Религиозный фактор, таким образом, оказывается «прошит» в нашем восприятии социальных, политических и культурных процессов империо– и нациестроительства. Независимо от того, что изучает историк или антрополог – «общество» или «религию» – само осознание сложной и внутренне гетерогенной, а также исторически обусловленной природы общества и сферы идей и ценностей заставляет внимательно прислушиваться к тем языкам и учитывать те практики, посредством которых «религия» проявляет себя публично, а «общество» мобилизуется вокруг того или иного символа веры.

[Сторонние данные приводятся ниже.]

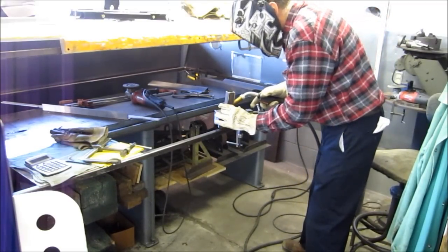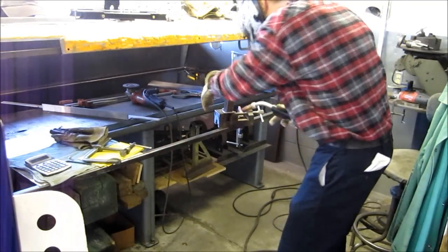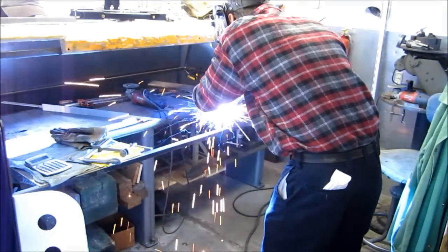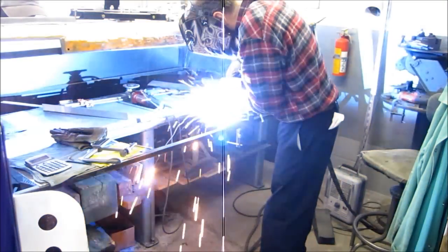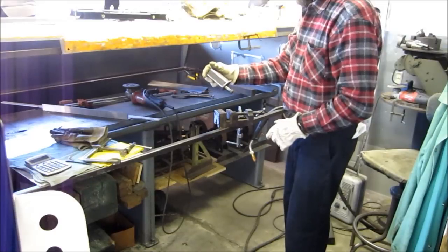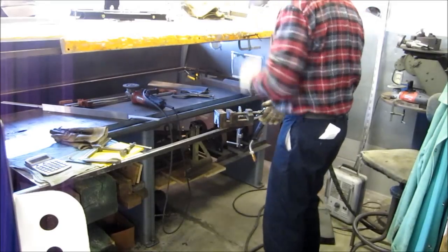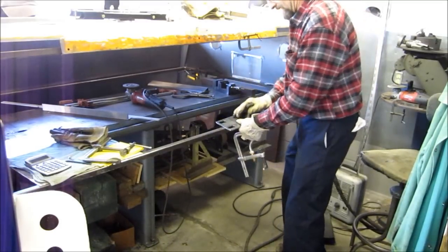I'm going to put a couple of good tack welds on here just to make sure. All my tacks need to be good and strong — I'm going to mount this right onto the wheelchair and cram it into the hole, and I want to make sure I don't break anything loose. I'm going to get this other plate in here. This job has got a lot of great flat spots on it.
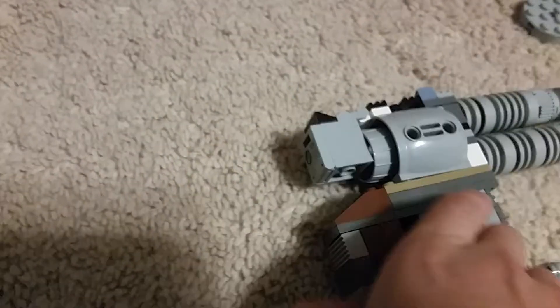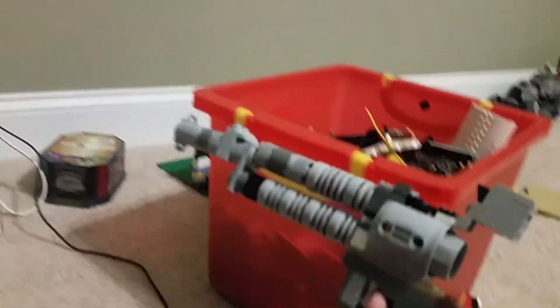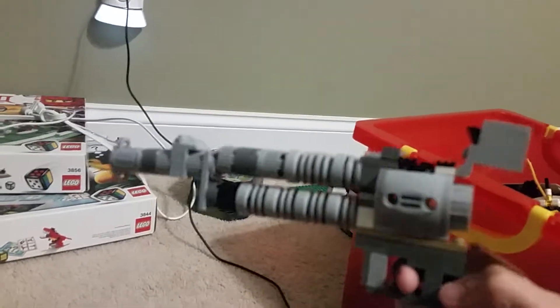Today we're going to be showing the new Fortnite 6-shooter revolver. You can see it has the hand off the trigger holder. It's just made from a trash can — it's a scroll because it can actually hold 6 shots in the barrel. It's a fun play feature.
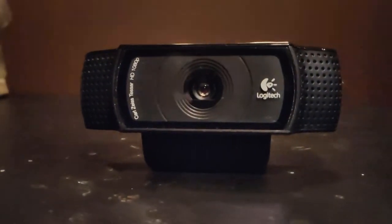The speakers of choice are the Hercules XPS DJ Set speakers. Last but not least we have our webcam, which is the Logitech C920 HD camera.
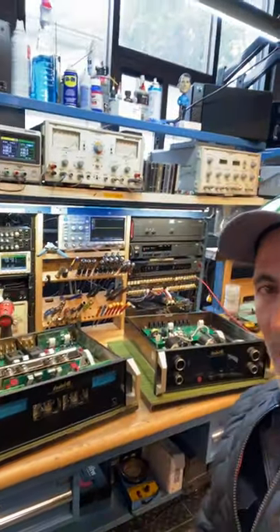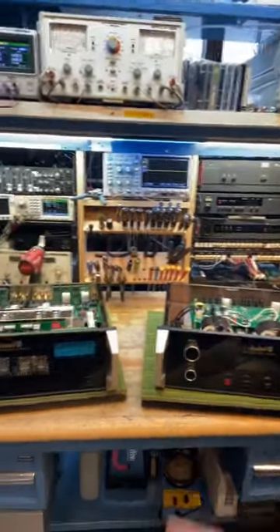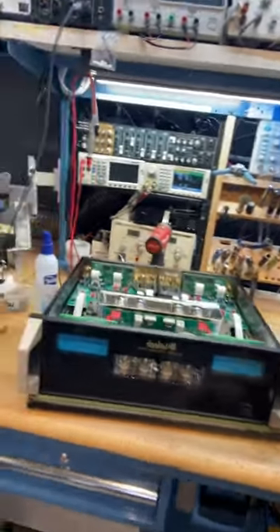On the workbench, I've got the brand new McIntosh C12000 two-piece preamp. This is the top of the line for McIntosh, and it's got a unique feature that allows you to select whether you want a tube stage output or a solid state output, giving you the best of both worlds.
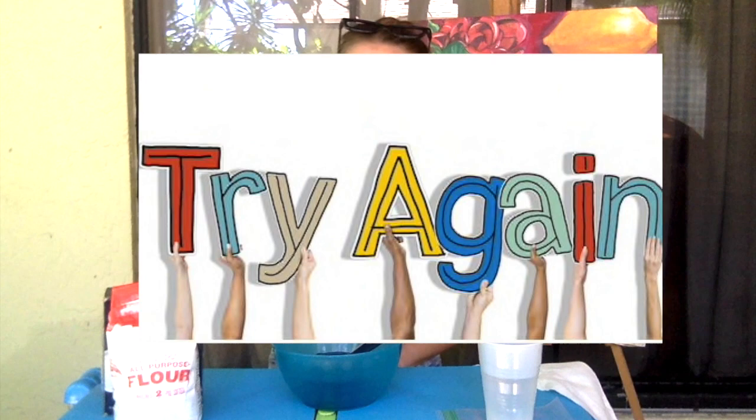I hope it works, but remember, if it doesn't, try again! It's all about having fun and getting creative. So, here we go!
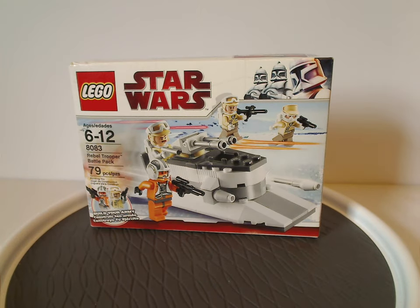Well hello everyone, Dylan here. Happy Throwback Thursday — the rotation leads us to a Star Wars review, and this one is on the Rebel Trooper Battle Pack and Snow Trooper Battle Pack from 2010.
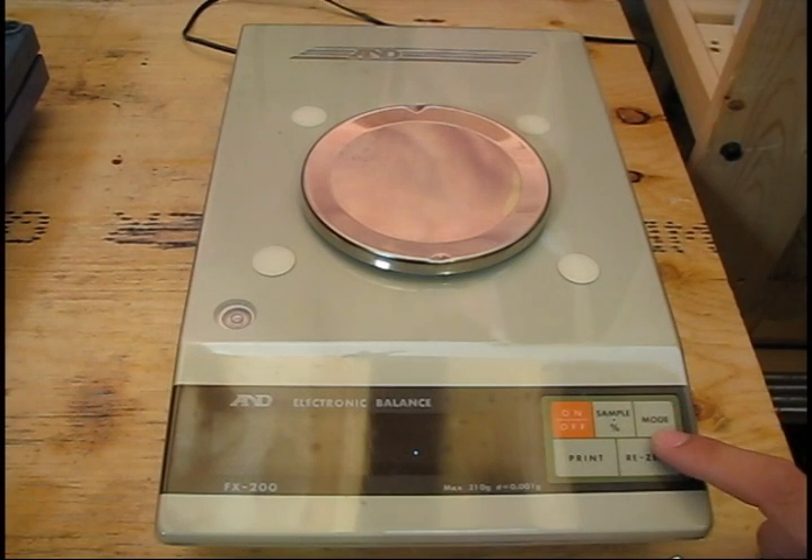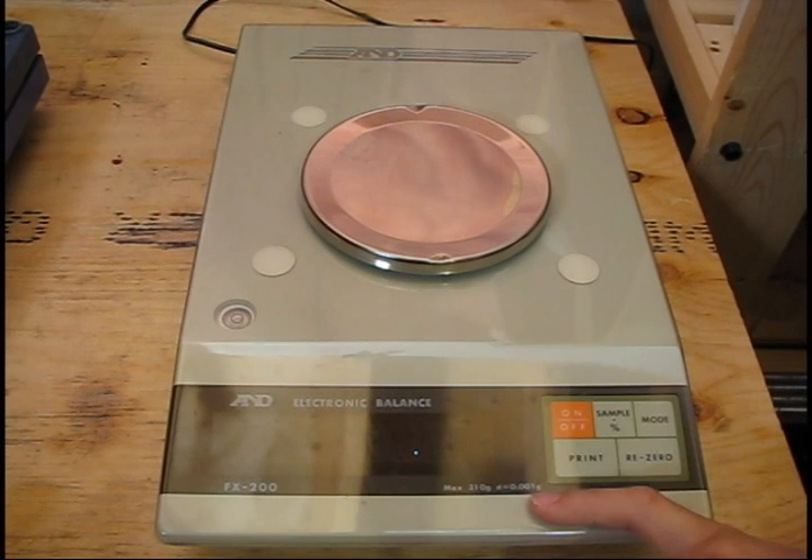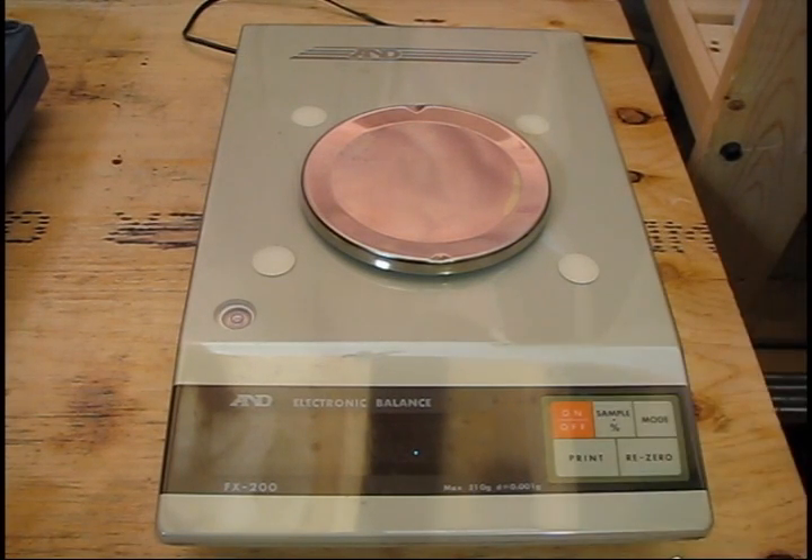The ones you need to worry about are just these three buttons: the power, the mode, and the zero button. All balances will tell you what their capabilities are — their capacity, which in this case is 210 grams, as well as their resolution, which is 0.001 grams. The good analytical balances will give you a range of error, for example plus or minus 0.001 grams. Not all balances will have this, but the good ones will.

Кроме того, как следует из внимательного чтения сборника, религиозная политика может быть инструментом, который сознательно используется теми или иными агентами внутренней и даже внешней политики (и не в эпоху Крестовых походов, а гораздо позднее!). Ведь в основном воображаемые границы конфессиональных общин часто не совпадали с границами политическими или даже этнолингвистическими. Такое несовпадение границ разных сообществ, их культурных и политических центров и очертаний составляет один из центральных объектов исследования «новой имперской истории». Как показывает в настоящем сборнике Мартин Шульце-Вессель, немецко-русские отношения в конце XIX века, которые историки внешней политики обычно рассматривают в категориях, исключающих религиозные основания, на самом деле определялись и специфической конфессиональной динамикой. Пол Верт, в свою очередь, демонстрирует, как религиозная политика оказывалась пространством для разрешения вопросов международной политики, когда избрание армянского католикоса вовлекало в процесс подданных как Российской, так и Османской империй.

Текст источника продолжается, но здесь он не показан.